TASK REQUIREMENTS:
Return, exactly and with nothing added, the line with "KINGS OF PARTHIA." together with all lines after it through the end of the data below. No pictures belong in the copy.

INFORMATION SHOWN section start

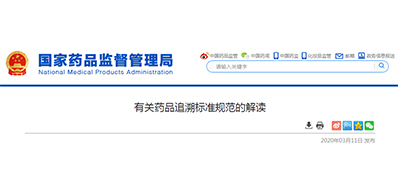 為什么要有藥品追溯標準規范？答案在這里!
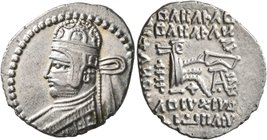 KINGS OF PARTHIA. Sanatrukes (?), circa 116. Drachm (Silver, 21 mm, 3.76 g, 1 h), Ekbatana. Draped bust of Sanatrukes to left, wearing diademed tiara....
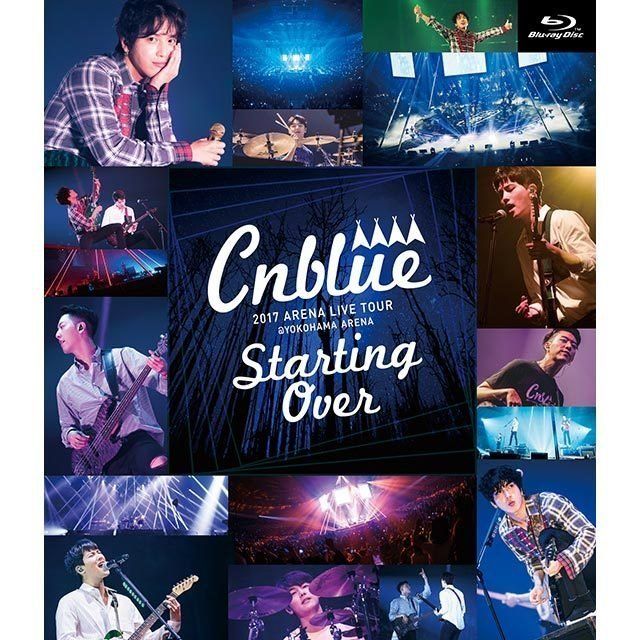 CNBLUE 2017 ARENA LIVE TOUR ~Starting Over~ @YOKOHAMA ARENA(BOICE限定盤 BD+グッズ)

INFORMATION SHOWN section end

RESULT FOR THIS EXERCISE:
 KINGS OF PARTHIA. Sanatrukes (?), circa 116. Drachm (Silver, 21 mm, 3.76 g, 1 h), Ekbatana. Draped bust of Sanatrukes to left, wearing diademed tiara....
 CNBLUE 2017 ARENA LIVE TOUR ~Starting Over~ @YOKOHAMA ARENA(BOICE限定盤 BD+グッズ)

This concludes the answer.